# Home Loans on TRP



## chris_mave (Jun 24, 2016)

Trying to find out if anyone has been successful in getting a home loan without an SA ID. If so with which bank and how much deposit is required.

thanks


----------



## Oyibopeppeh (Sep 8, 2010)

chris_mave said:


> Trying to find out if anyone has been successful in getting a home loan without an SA ID. If so with which bank and how much deposit is required.
> 
> thanks


It's at the discretion of the bank. I have a credit card with FNB with a limit of 150,000 Rand, no deposit


----------



## Bwixie (Mar 11, 2014)

chris_mave said:


> Trying to find out if anyone has been successful in getting a home loan without an SA ID. If so with which bank and how much deposit is required.
> 
> thanks


I have friends who recently got a home loan with standard bank, both on work permits, they put down a 25% deposit, interest rate 10%


----------



## chris_mave (Jun 24, 2016)

Bwixie said:


> I have friends who recently got a home loan with standard bank, both on work permits, they put down a 25% deposit, interest rate 10%



thanks a lot foir this - i will try standard bank. FNB says 50% deposit.


----------



## zizebra (Mar 11, 2012)

chris_mave said:


> thanks a lot foir this - i will try standard bank. FNB says 50% deposit.

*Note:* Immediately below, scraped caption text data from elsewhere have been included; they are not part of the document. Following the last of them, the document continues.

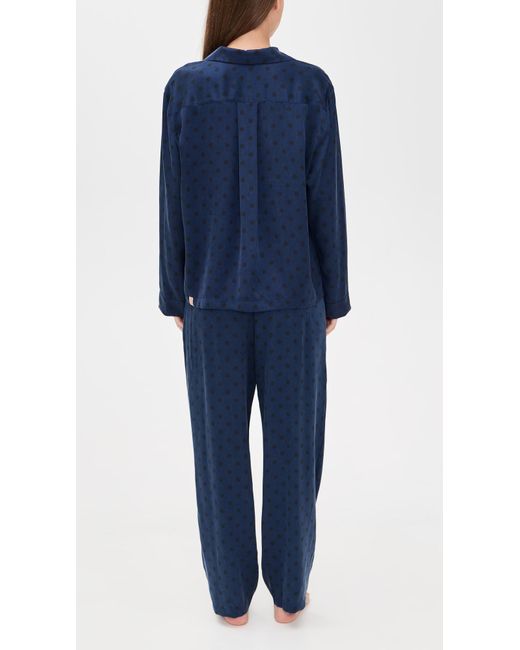 Lunya Blue Washable Silk Long Sleeve Shirt And Pants Set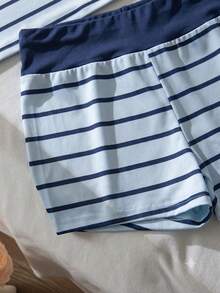 SHEIN 青少年女孩粉色與棕色條紋針織套裝，夏季吊帶上衣與短褲，休閒運動兩件式大童女裝 - 藍色 - 查看 4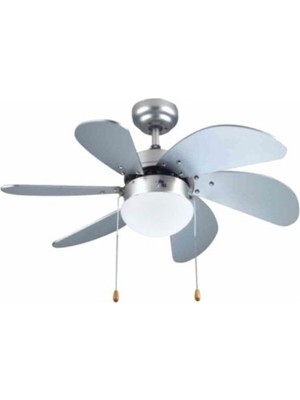 Empressco Ekim Aydınlatma KCF282 60W Silver 6 Kanatlı Avizeli Tavan Vantilatörü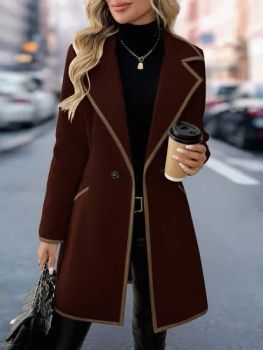 Womens Casual Commuter Black White Color Block Long Wool Blend Coat - Guangzhou Shengli Clothing Co., Ltd. - China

this is the default response you will get from banks. with a bit of luck, really good salary and decent deposit, they might listen to you.
Be very careful with FNB, they robbed me legally when they gave me 90% loan because they managed to put me in a corner after signing off all documents. They started changing conditions left right and center.


----------



## chris_mave (Jun 24, 2016)

zizebra said:


> this is the default response you will get from banks. with a bit of luck, really good salary and decent deposit, they might listen to you.
> Be very careful with FNB, they robbed me legally when they gave me 90% loan because they managed to put me in a corner after signing off all documents. They started changing conditions left right and center.


Hi,

How did you manage 90%. If you dont mind please share salary range and deposit you had? Was this on a TRP? 
Also what conditions did they change after signing?

Thanks for the info


----------



## zizebra (Mar 11, 2012)

chris_mave said:


> Hi,
> 
> How did you manage 90%. If you dont mind please share salary range and deposit you had? Was this on a TRP?
> Also what conditions did they change after signing?
> ...


that was after I got PR. Before PR all banks were offering us 50%. FNB initially offered 95% then after signing, they changed their minds and revised it 75%. We had 5% deposit. In the end we raised deposit to 10%.

With regards to salary range, I can tell you that a friend of mine got 80% on TRP his salary was around 70K. Another colleague whose salary was +/- 100k got 100% loan on TRP


----------



## chris_mave (Jun 24, 2016)

zizebra said:


> that was after I got PR. Before PR all banks were offering us 50%. FNB initially offered 95% then after signing, they changed their minds and revised it 75%. We had 5% deposit. In the end we raised deposit to 10%.
> 
> With regards to salary range, I can tell you that a friend of mine got 80% on TRP his salary was around 70K. Another colleague whose salary was +/- 100k got 100% loan on TRP



Thank you very much for the information. I will respond when i get the banks to give an offer


----------



## protocols (Mar 13, 2016)

> 95% then after signing, they changed their minds and revised it 75%

how does that work legally?

Yes it is possible to get a loan with TRP, and yes it can be better than 50%, but depends on your salary, the offer to purchase and it might help if you have been banking with them for some year already...


----------



## oceanracer (Mar 10, 2015)

We did when we arrived 3.5 years ago. Although my wife was a permanent resident I was the bread winner so I had to apply for the loan myself while under a TRP. We first tried mortgage Brokers w/ o success: they all told us we were denied everywhere they tried because of the risk of landing to a foreigner. Then we went to FNB: they asked for a 50% deposit and they offered us prime + 3% to which we objected since they were not taking any risk whatsoever w/ a 50% deposit. their response was that they are not in the business of selling houses; the reason was that in case we were unable to pay the mortgage, they might end up with a house on their hand to sale. We fought them, to get at least prime rate. The answer was Hallo peter! ;-). Within a day of us complaining about FNB's policy re. lending to foreigners under such unfair conditions, FNB contacted us and gave us what we asked for! Also, depending on your income (>~R750k/ yr) you can try private banks such as Investec or RMB, they provide more personal services and will most likely be willing to get your business. I hope this help.


----------